Your response to the data below should hold nothing except the lines from the one containing "-黄记煌三汁焖锅(新佳丽江汉路店)" down to the one containing "401 BAKER LN, Coatesville, PA 19320", reproduced exactly and without pictures.

_Exercise input_.
■ ■ ■

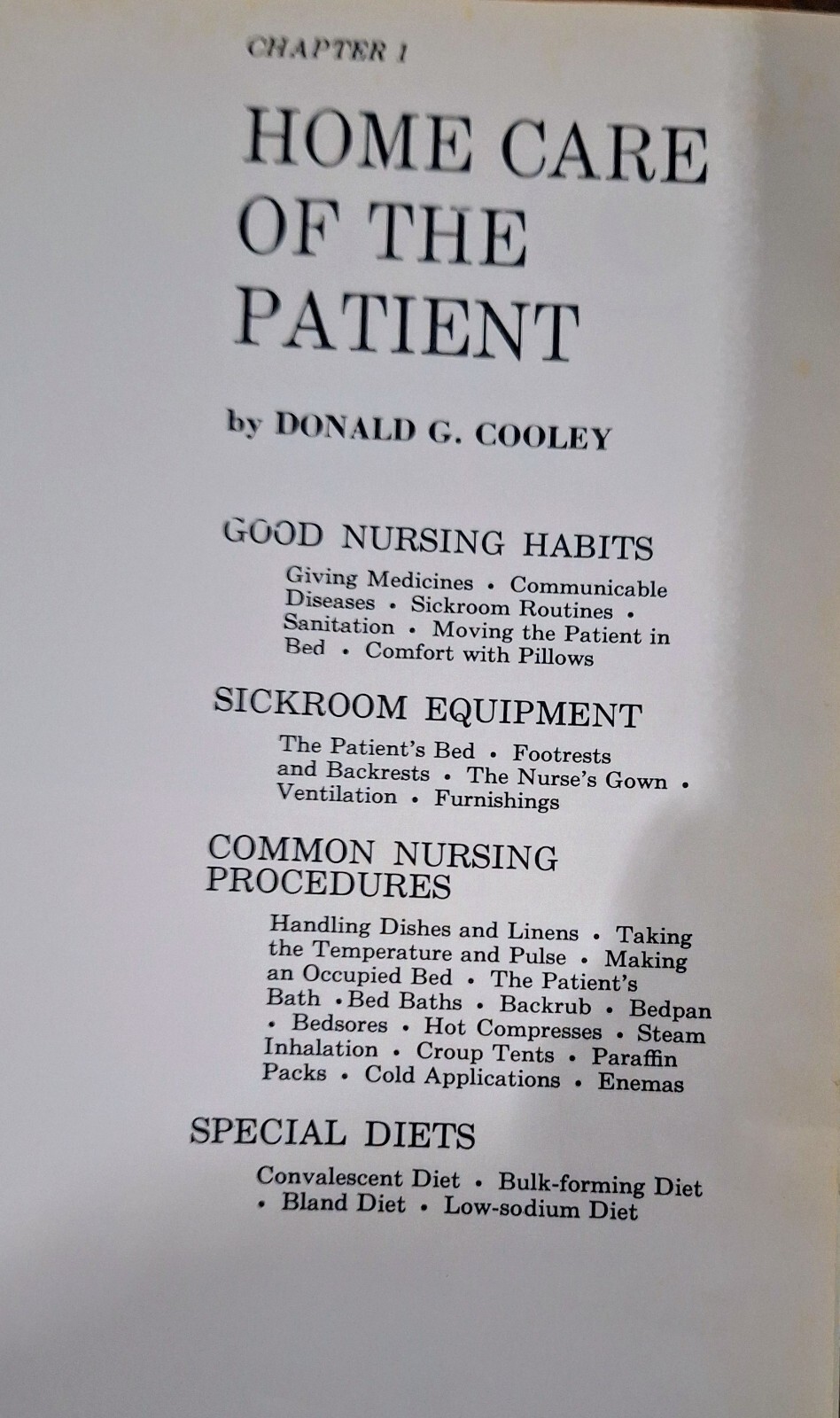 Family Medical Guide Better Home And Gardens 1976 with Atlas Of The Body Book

■ ■ ■

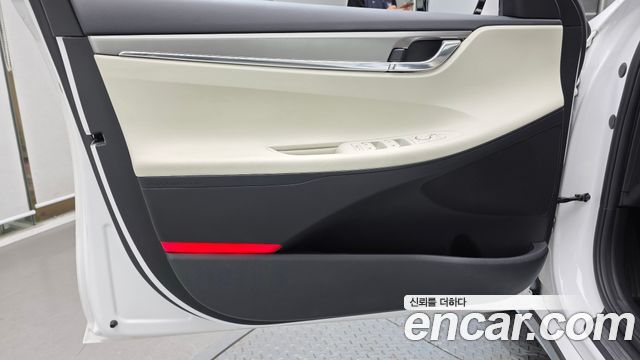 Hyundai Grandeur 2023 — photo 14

■ ■ ■

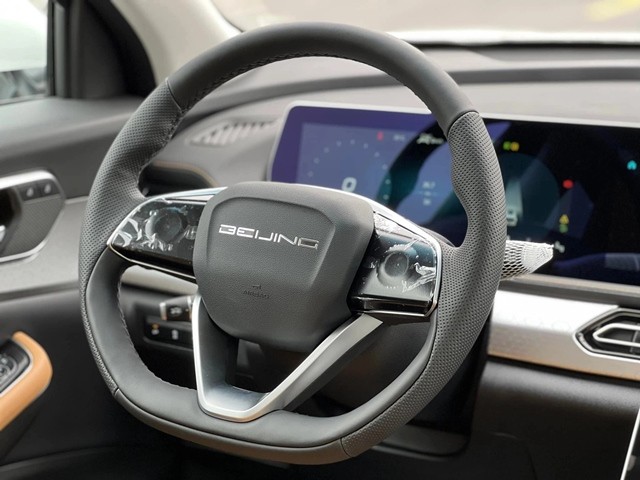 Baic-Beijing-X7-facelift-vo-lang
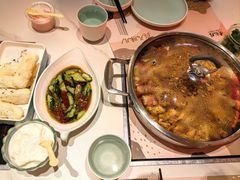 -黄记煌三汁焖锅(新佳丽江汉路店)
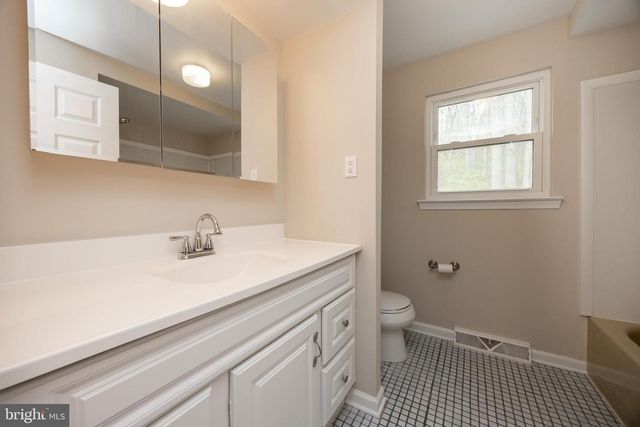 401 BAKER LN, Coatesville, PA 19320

■ ■ ■

_Answer below_.
 -黄记煌三汁焖锅(新佳丽江汉路店)
 401 BAKER LN, Coatesville, PA 19320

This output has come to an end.